Satellites and evolving technology could improve fertiliser use efficiency and crop yields for farmers in developing countries.
There needs to be a change in agricultural aid policy if remote sensing is to benefit the developing world and improve fertiliser use efficiency. Farmers need accurate information on the plant nutrient status of their crops, and they need the wherewithal to deliver the nutrients accurately. Technology transfer is the answer, the process of transferring skills, knowledge and technology to enhance activities in a wider sector.
In most of the developing world, farmers lack the means, facilities or infrastructure to obtain the nutrient status of their crops and soils and are forced to use locally available artificial fertilisers and manures. Other than nitrogen, they have no means of correcting a mineral deficiency which may be limiting production. Important food crops, for example rice, are often yield-limited by potassium in areas of South America, Asia and Africa. Small additions of potassium chloride have doubled yields in some cases.
The means to measure nitrogen and some plant-quality parameters remotely, using vegetative indices, has existed for some years. Some of the spectral bands from which the indices are derived are satellite mounted, and the number of satellites, the number of bands and the spatial resolution of the imagery has improved rapidly in recent years.
Most satellite imagery is operated commercially and processed for many uses. In terms of agriculture, some imagery is supplied free of charge – notably NASA provides ortho-rectified Landsat imagery for free. But this imagery needs to be commercially processed to get useful information such as vegetative indices and surface temperatures at a resolution of 30m. Most of the earth is covered every 16 days.
Although satellites offer a means of obtaining remotely-sensed imagery, this information is often of little value when cloud cover obscures the area of interest.
This would limit the use of imagery from satellites passing an area of interest at discrete time intervals of more than a day or two.
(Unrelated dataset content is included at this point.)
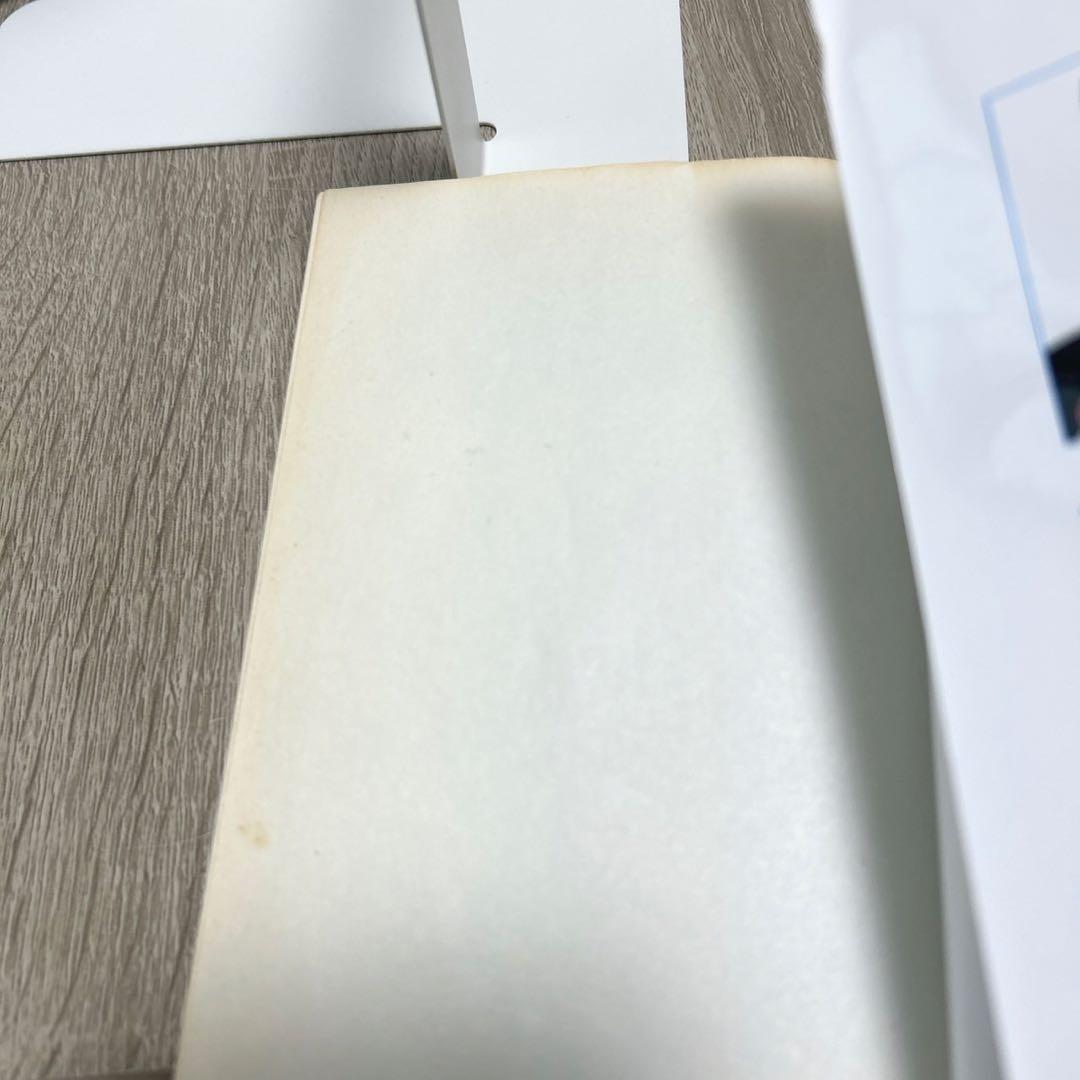 BORUTO　ボルト　全巻セット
Should funding allow for imagery from many satellites to be processed, the information gleaned would be limited to predicting regional crop failure or tracking drought, disease or pest infestations.
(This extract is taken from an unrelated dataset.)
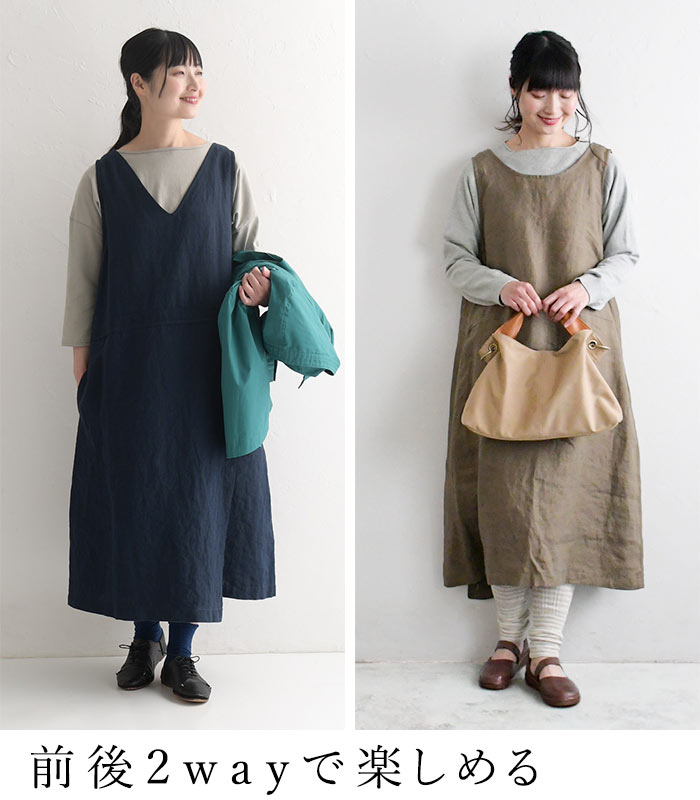 楽天市場】【5％OFFクーポンあり】ジャンパースカート ワンピース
Disseminating information which would benefit an individual farmer would likely be part of a regional exercise, such as spraying locusts or selecting storm cloud activity for cloud seeding with silver iodide to reduce the impact of droughts.
Predicting the concentration of plant minerals is now possible using hyperspectral remote sensing. These sensors are currently too heavy to be mounted on commercial satellites but they operate perfectly well from fixed wing aircraft.
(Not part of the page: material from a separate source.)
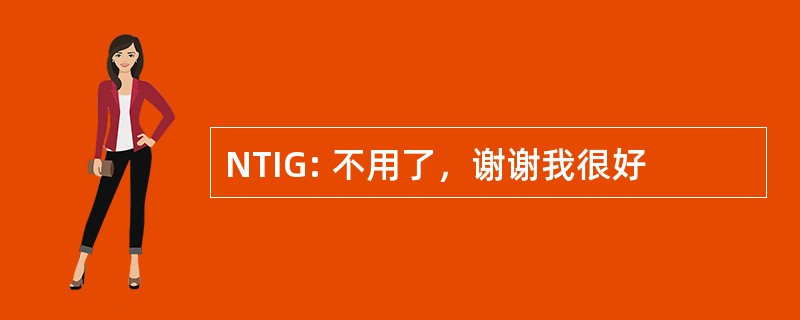 NTIG: 不用了，谢谢我很好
They provide a data cube of contiguous spectral data from the visible range to infrared through to short wave infrared. Nitrogen can be estimated in the infrared to visible red edge part of the spectra from which vegetative indices are derived, the other minerals can be predicted in the short wave infrared where leaf biochemical activity can be differentiated.
Flying hyperspectral sensors over regions of interest and mapping the nutrient status and crop quality parameters has the potential to improve fertiliser use efficiency and improve yields. Fertilisers would not be applied if they were not needed, and yields could be boosted by supplying minerals necessary to increase crop production.
Hyperspectral sensing also allows for the mapping of soil zones in terms of texture and moisture-holding capacity, as well as salinity in soils and water supplies, which could improve fertiliser application strategies and improve water use efficiency.
In addition, hyperspectral sensors are able to give the quality indices which multi-spectral sensors provide, so mineral status can be studied alongside these parameters. This would indicate what is limiting production and allow comparisons between regions producing similar crops.
Processing hyperspectral data is currently a complicated process which needs to be automated to enable large data sets to be processed in the cloud. Plant tissue samples, which may be dried, will need to be analysed by wet chemistry and by proximal sensors, to calibrate the remote-sensed data.
At the time of writing this is believed to have only been successfully undertaken on New Zealand pasture, through hyperspectral imaging, where the same algorithms have been validated and used on locations hundreds of kilometres apart.
A change in agricultural aid policy is essential if remote sensing is to benefit the developing world. Additional funding is needed for obtaining, calibrating, automating and disseminating remotely-sensed multispectral and hyper-spectral data. Understanding and addressing the factors limiting crop yield offers the best opportunity to maximise the benefits of fertilisers and increase yields.
The transfer of information to the farmer is easy by comparison. Wireless communications by smart devices should allow farmers to benefit from the technology transfer. Once a system is in place to allow the best use of gathering and processing information, the rest is simple.